Community
    • Login

    Repeated capturing groups

    Scheduled Pinned Locked Moved Help wanted · · · – – – · · ·
    7 Posts 5 Posters 875 Views
    Loading More Posts
    • Oldest to Newest
    • Newest to Oldest
    • Most Votes
    Reply
    • Reply as topic
    Log in to reply
    This topic has been deleted. Only users with topic management privileges can see it.
    • Joe McCayJ
      Joe McCay
      last edited by

      Is it possible to reference a captured group that repeated multiple times. For example,

      ^insert into[ \t]([-_.:/&a-zAZ0-9]+)[ \t]*[(](?:([-_.:/&a-zAZ0-9]+)[,]*){1,5}[)]
      

      will match all of the following.

      INSERT INTO mine (countrycode,statecode,id,statename,sort)
      

      Is there a way I can reference the individual matches (like countrycode or id)? If I use ‘$2’, I get the last match of sort. The results for $3, $4, and $5 are empty. I would like to capture and reference the individual matches without having to repeat the same regular expression.

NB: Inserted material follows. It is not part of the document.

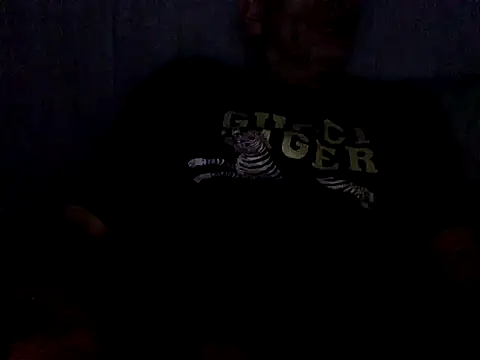 Snapshot of Jujojook chatting on 11/08/25, 02:37 Jujojook online show from 11/08/25, 02:37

      CoisesC mkupperM 2 Replies Last reply Reply Quote 1
      • CoisesC
        Coises @Joe McCay
        last edited by

        @Joe-McCay said in Repeated capturing groups:

        Is there a way I can reference the individual matches (like countrycode or id)? If I use ‘$2’, I get the last match of sort. The results for $3, $4, and $5 are empty. I would like to capture and reference the individual matches without having to repeat the same regular expression.

        There is no way to do that using the Notepad++ regular expression implementation.

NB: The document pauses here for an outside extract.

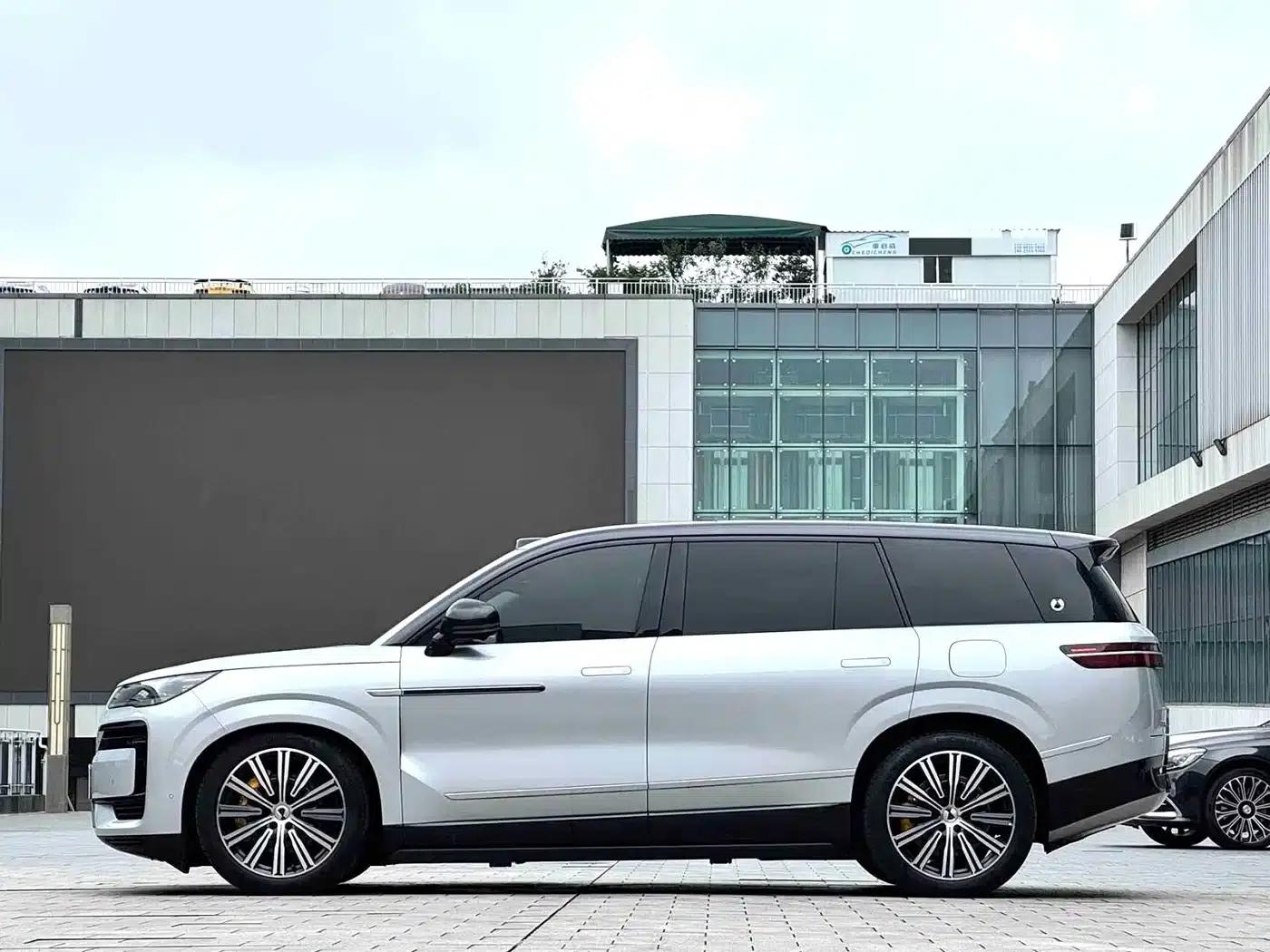 Denza N9 2025 Flagship Edition — миниатюра 4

        The closest I could come was this:
        ^insert into[ \t]([-_.:/&a-zAZ0-9]+)[ \t]*[(]([-_.:/&a-zAZ0-9]+)(?:,((?2)))?(?:,((?2)))?(?:,((?2)))?(?:,((?2)))?[)]
        which isn’t much better than just repeating the expression — though if the actual expression were more complex or subject to change, the technique might help. The problem is that you have to have an actual, written-out pair of parentheses for each numbered capture group; if a parenthesized group matches more than once, only the last match is saved.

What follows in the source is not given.